Short text fragments from websites:
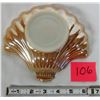 Image 2 : Peach lustre milk glass shaped candy dish/bowl
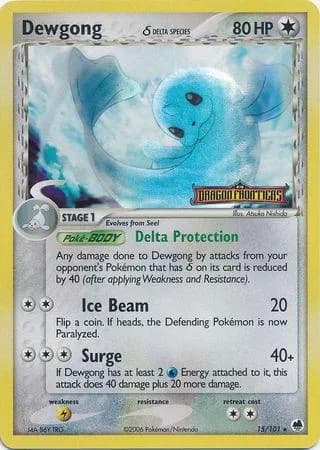 Dewgong δ reverse holo card front, EX Dragon Frontiers 15/101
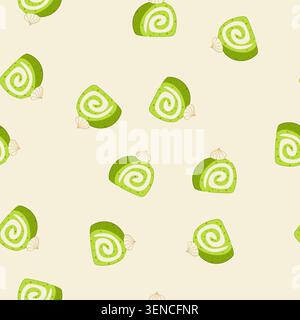 Muster Matcha gewürzte schweizer Rollenscheibe mit cremeweißer Füllung und Schlagsahne auf der Oberseite, nahtlos auf weißem, grünem Tee Dessert Gebäck Illustration Stock Vektor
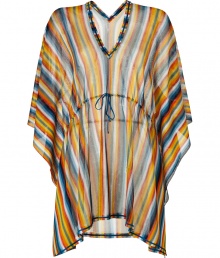 Make a glamorous poolside debut it Missonis radiant rainbow striped kaftan - V-neckline in front and back, draped 3/4 length sleeves, drawstring waistline, petrol stitched trim - Softly fitted with an adjustable drawstring waistline - Pair with a bikini, studded sandals and an oversized statement tote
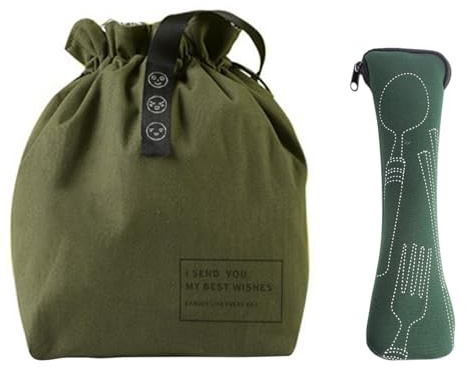 ZBHDEYG 1 borsa per il trasporto verde, 1 borsa per posate retrò, borsa per il pranzo isolata, borsa pieghevole con coulisse, custodia riutilizzabile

# What is needed:
Could you repeat, exactly and with nothing else, the lines from the one containing "Dewgong δ reverse" through the last line of the records above, leaving out the pictures?

# Answer:
 Dewgong δ reverse holo card front, EX Dragon Frontiers 15/101
 Muster Matcha gewürzte schweizer Rollenscheibe mit cremeweißer Füllung und Schlagsahne auf der Oberseite, nahtlos auf weißem, grünem Tee Dessert Gebäck Illustration Stock Vektor
 Make a glamorous poolside debut it Missonis radiant rainbow striped kaftan - V-neckline in front and back, draped 3/4 length sleeves, drawstring waistline, petrol stitched trim - Softly fitted with an adjustable drawstring waistline - Pair with a bikini, studded sandals and an oversized statement tote
 ZBHDEYG 1 borsa per il trasporto verde, 1 borsa per posate retrò, borsa per il pranzo isolata, borsa pieghevole con coulisse, custodia riutilizzabile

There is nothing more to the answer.